If you love the natural world and are charmed by the idea of not privileging any one species (ahem, humans) over all the rest; if you are excited by the many possibilities for joy in the world, big and small; if you love life, words, all kinds of critters, and even humans; if knowledge for its own sake thrills you; if you are prone to being pleased by lists and wonder–do give the novels of Brian Doyle a try. He has made this world a far better place.


Rating: there is no reason to amend my original 10 tomatoes.

Educated by Tara Westover

We are all more complicated than the roles we are assigned in stories.

Last Friday, I briefly reviewed Tara Westover’s talk at West Virginia University. Now here’s her book.

It’s a hell of a book. I’ve written about this before: every book has the two layers, the content itself – the story it tells – and the telling of it. Sometimes one or the other clearly dominates. I read a lot of books in which the telling, the lovely lyric or literary or weirdly styled telling of it, trumps the story itself (man comes of age, meets woman, ho hum). And I read some that are very much about the story, where the telling is just serviceable. I sometimes remark when they both align to a remarkable level. This one is noteworthy because the story is so outrageous: truly, it would stand alone as a sensational tale (which is not altogether a good or a bad thing, although rather maligned in memoir). But it doesn’t rely on the shock value of its story to carry it; the telling is also elegant, and Westover makes some wise observations along the way.

As I wrote the other day, Westover was raised by some pretty extreme isolationist Mormons. She was not allowed to go to school or to a doctor. Her father seems a little nuts; he is a religious zealot, insists upon total control in the household, is prone to wild mood swings, and late in the story, becomes something of a cult leader. He makes his living by scrapping metal from his junkyard(s) and doing odd building jobs. His seven children are expected to work as part of the family business – with him, or with their mother, a midwife and homeopathic healer. This latter was not her idea, but his, so that the family would not need doctors, and as a way to serve God. She is a reluctant student but eventually finds her stride and gets serious about faith healing (which involves something she calls muscle testing, clicking her fingers and whatnot). It’s all pretty far out for me. Because Dad is crazed about the junkyard/scrapping work, and because he lives in a bit of a fantasy where nothing bad happens to the righteous, he is opposed to safety measures, actively forbidding gloves and protective eyewear (etc.) and using ludicrously dangerous equipment. So the family suffers quite a few serious injuries. They do enter the hospital a time or two, but also treat third degree burns over a large percentage of the body, and head wounds involving exposed brains, at home. So, the first sensationalist point of this story is the extreme isolation, zealotry, and risk-taking the Westover family lives.
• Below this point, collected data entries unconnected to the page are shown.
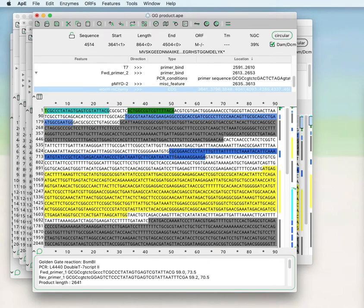Welcome to the APE tutorial video series, video number 10. This video will cover various translation and mutagenesis tools.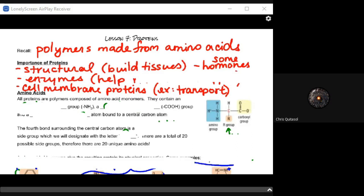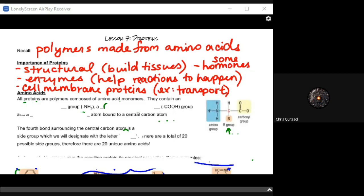What are the important aspects of proteins? They are going to provide a lot of structural basis for all living cellular organisms. They help to build tissues, tissue systems, and organs. They help with regards to enzymes—they make up enzymes, and those enzymes help catalyze reactions. They also make up cell membrane proteins that help with transport, which connects back to that phospholipid bilayer and getting things into and out of the cell.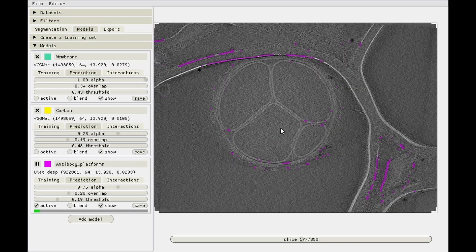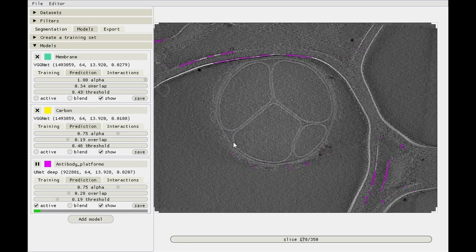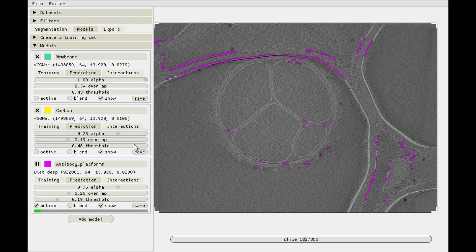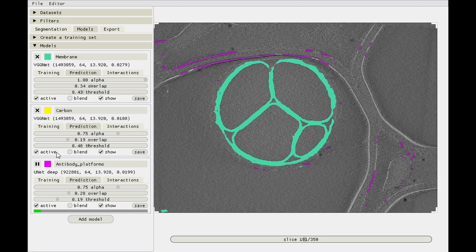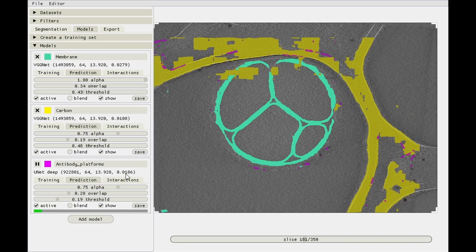But it's starting to look like something. So yeah, carbon and membrane are being picked up which isn't great, but it's also picking up antibody platforms which you should do. And in those same locations the membrane and carbon models are not being activated, so we'll be able to distinguish between these two structures. Training is progressing pretty fast for the UNet Deep. It could probably run for a little bit longer to get better, but let's just stop it now.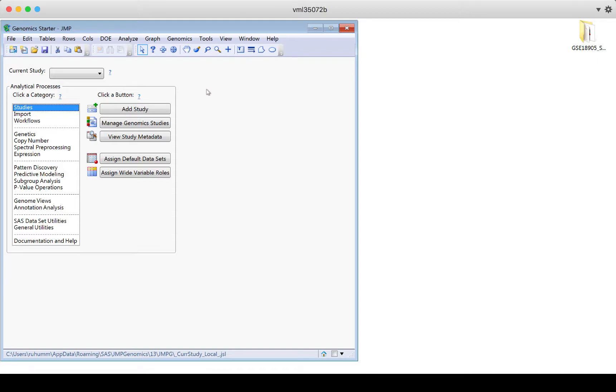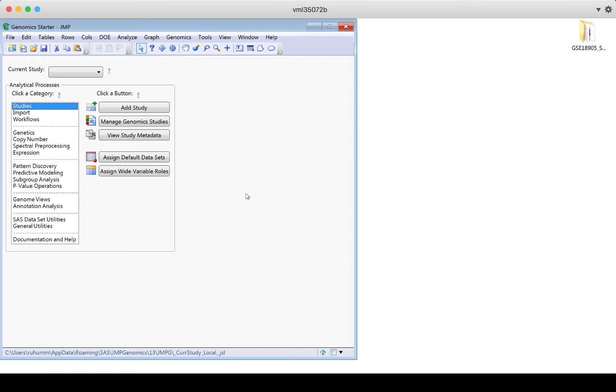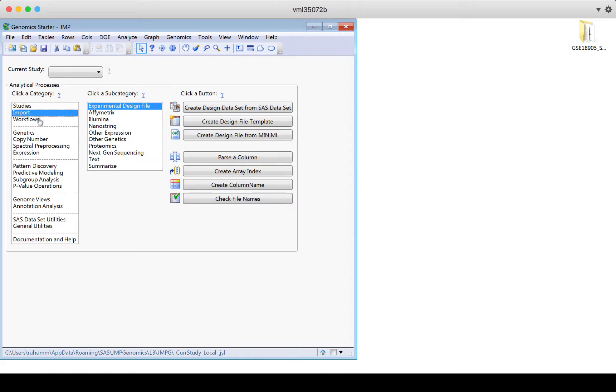In this video, I'll briefly discuss getting started using the JMP Genomics Starter. I have the starter open here on my desktop, and the way you use this genomics starter is by choosing the category and then the subcategory that you want to use.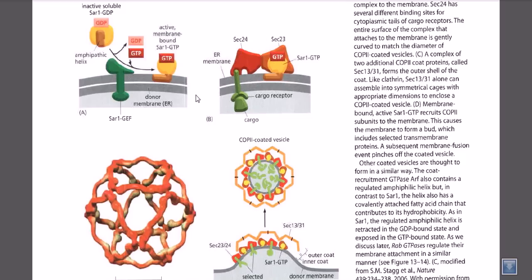Now let's look at the mechanism in detail. We need a protein that starts this entire reaction procedure, called the SAR1 protein. The SAR1 protein is the key protein for establishing COPII vesicular transport. The SAR1 protein is initially inactive, bound with GDP. It has an amphipathic helix embedded inside — this is the hydrophobic region of the SAR1 protein, which is tucked inward and not exposed.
The second is abuse. Young Tara is absolutely placed in mortal danger by her family, repeatedly and constantly, and this is a form of abuse. But the greater issue is with one of her older brothers, who beats and tortures her as a matter of daily life when she is a teenager. He inflicts sprains and I think one broken bone. “I found myself cleaning the toilet every morning, knowing my head might be inside it before lunch.” He laughs at her, taunts her, calls her whore until she knows deep within herself that it is so, and he gaslights her into feeling that she’s imagined all of the above. I can’t do the trauma justice here. Talk about shock value.

The abuse extends from here. She and a sister try to confront the family about the brother’s abuse (which apparently extends to several of his siblings), but this results in a range of lies and false fronts, and no change. Eventually, it results in each whistleblower being invited to recant and be received back into the fold, or be disowned, which is Tara’s fate. At the time of the book’s writing, she is not in touch with her parents or most of her siblings.
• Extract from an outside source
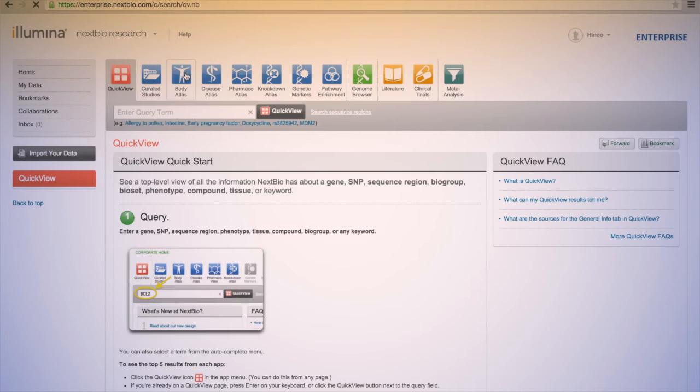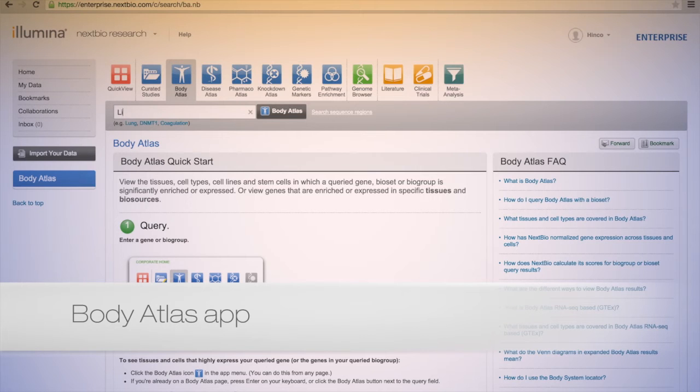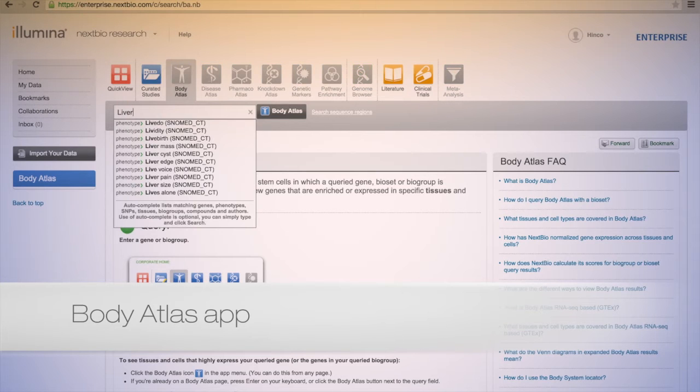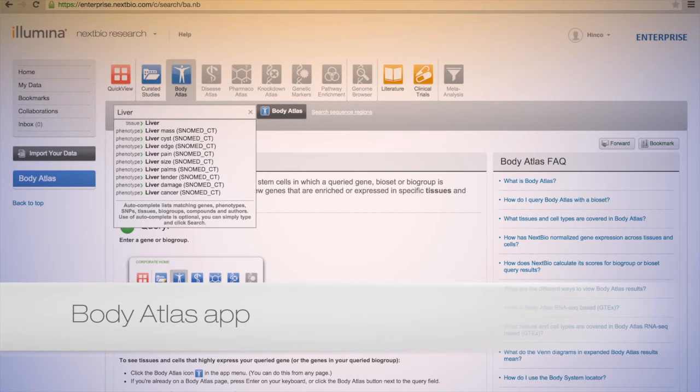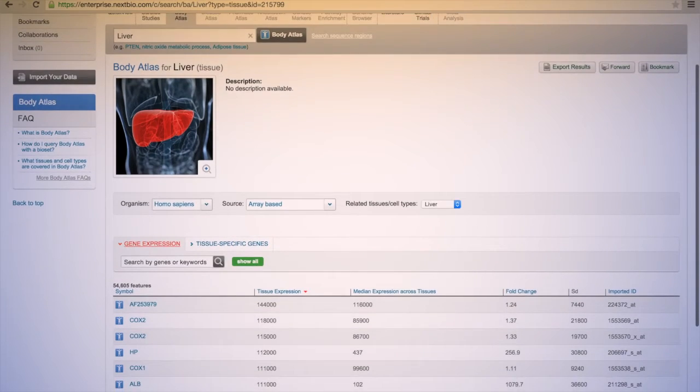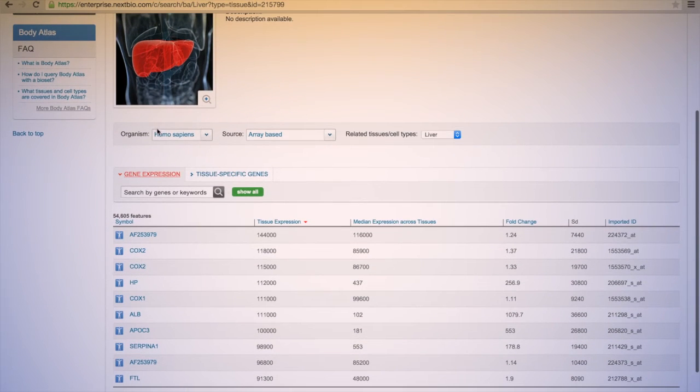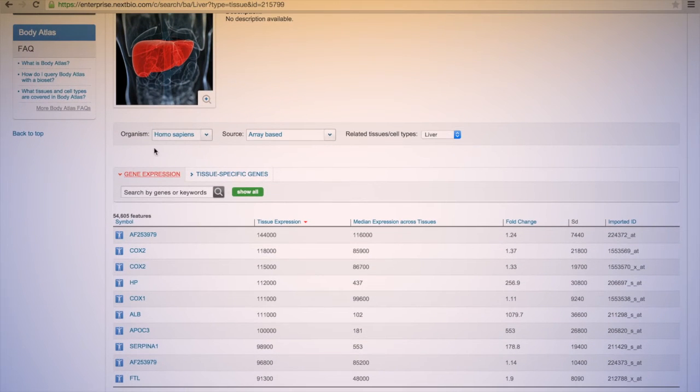Use the Body Atlas tool to find normalized gene expressions across all tissues, cell types, cell lines, and stem cells. Sort your results by absolute gene expression or body system. Identify uncharacterized gene expressions, biogroups, and biosets.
But again, her book does not rely on these events for its impact – or at least, not entirely. It’s hard to think about her life without concentrating on these stories (as I have here in this review). But meanwhile, Tara gets an undergraduate degree from Salt Lake City’s Brigham Young University; travels to Cambridge on a Gates scholarship; receives an MPhil from Trinity at Cambridge; studies at Harvard; and gets her PhD back at Cambridge. This would be a remarkable academic journey for the most privileged among us, but especially so for someone who never set foot in a classroom until Brigham Young, who had no support at home for her education, and who battled mental illness and extraordinary obstacles and gaslighting from her family at every step along the way. For dog’s sake, she takes school breaks at home where she is gaslit and physical abused, then returns to the school grind. It’s quite bizarre and almost unbelievable.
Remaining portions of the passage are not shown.